Domestic companies that
are considering to enter Gujarat, with the exception of Maruti Suzuki, include
Hero MotorCorp (formerly Hero Honda), Bajaj Auto and Hindustan Aeronautics Ltd
(HAL), a public sector company specialising in production of aircraft and
helicopters. (Recently Maruti
Gujarat’s auto hub thus
goes beyond the production of cars. The mix of domestic and foreign auto
companies also provides opportunities for skills transfer and learning.
Total installed
capacity of Tamil Nadu, mainly around Chennai, is 1.28 million units, and is
among the top 10 centres globally for car manufacturing, while that of
Maharashtra, mainly around Pune, is 0.61 million units. With the entry of Ford
and Peugeot, Gujarat’s production capacity, mainly around Sanand, is projected
at 0.76 million by 2014. This will rise significantly if Maruti’s production,
largely for export, comes on stream.
Gujarat’s currently
established but relatively mid-sized auto ancillary units are getting a boost
from these automakers, referred to as OE (original equipment) procedures,
asking their tier I, II and III vendors to locate manufacturing and assembly
facilities in and around their main production sites. Tata, for example, is
encouraging and facilitating key vendors to locate to Sanand and set up a
facility within a reasonable time horizon.
Gujarat’s emergence as
an auto hub is not an accident, but an outcome of leveraging its strengths
through sound economic policies and competent management by the state
government.
Gujarat has leveraged
its locational advantages, with relatively low transaction costs for accessing
markets in the western and northern India. Good rail connectivity is slated to
improve significantly with the opening of the dedicated freight corridors to
Dahej and Nhava Sheva passing through large parts of Gujarat. Sanand is also a
part of the Delhi-Mumbai Industrial Corridor (DMIC), a multi-billion dollar
India-Japan initiative. The Delhi-Mumbai freight corridor project will provide
excellent rail connectivity for the auto sector in Sanand and for other
industries.
Gujarat’s port
development initiatives are closely coordinated with rail transport. These
provide access for exports to the West, a favoured market for Indian OE. Since
2009, Maruti has been shipping cars by rail from Manesar to the Mundra Port,
where there is a roll-on-roll-off (RORO), terminal for receiving and prepping
new cars for exports.
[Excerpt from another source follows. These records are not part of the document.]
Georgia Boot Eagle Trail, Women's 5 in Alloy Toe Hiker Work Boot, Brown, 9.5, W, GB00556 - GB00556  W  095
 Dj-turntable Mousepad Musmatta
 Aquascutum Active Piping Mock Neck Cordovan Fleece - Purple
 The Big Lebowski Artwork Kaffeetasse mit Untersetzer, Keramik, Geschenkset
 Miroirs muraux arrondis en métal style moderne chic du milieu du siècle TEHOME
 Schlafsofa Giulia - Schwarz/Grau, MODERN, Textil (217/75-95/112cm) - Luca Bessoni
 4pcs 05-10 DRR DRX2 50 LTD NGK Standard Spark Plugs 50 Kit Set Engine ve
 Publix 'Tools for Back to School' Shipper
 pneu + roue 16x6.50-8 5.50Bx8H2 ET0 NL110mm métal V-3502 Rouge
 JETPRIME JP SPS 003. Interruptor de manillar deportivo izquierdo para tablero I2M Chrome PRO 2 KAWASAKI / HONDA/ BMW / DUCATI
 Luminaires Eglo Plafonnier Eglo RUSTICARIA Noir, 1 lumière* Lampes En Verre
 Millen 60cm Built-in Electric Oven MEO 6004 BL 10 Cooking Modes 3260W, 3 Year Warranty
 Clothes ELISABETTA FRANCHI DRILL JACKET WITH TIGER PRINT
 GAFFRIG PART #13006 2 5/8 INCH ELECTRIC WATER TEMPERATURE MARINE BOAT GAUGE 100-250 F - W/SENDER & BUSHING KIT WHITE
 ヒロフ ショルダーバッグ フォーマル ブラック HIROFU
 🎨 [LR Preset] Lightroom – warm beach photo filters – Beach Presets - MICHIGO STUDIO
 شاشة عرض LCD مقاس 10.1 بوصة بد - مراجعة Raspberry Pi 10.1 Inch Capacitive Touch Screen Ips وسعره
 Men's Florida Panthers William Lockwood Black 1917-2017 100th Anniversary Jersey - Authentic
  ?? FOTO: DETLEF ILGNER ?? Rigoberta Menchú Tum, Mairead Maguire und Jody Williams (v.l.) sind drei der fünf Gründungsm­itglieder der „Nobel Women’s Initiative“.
Korean automakers are also exploring this option.
Gujarat’s port
development also could permit economical transportation to other off, thus
diversifying transport modes.
Developing domestic and
international financial services, improving road and air connectivity and
focusing on affordable housing and other amenities could further add to
Gujarat’s locational advantage.
One of the advantages
of Gujarat is the larger share of non-fertile agricultural land. This
potentially makes managing the requirements of industry for land easier.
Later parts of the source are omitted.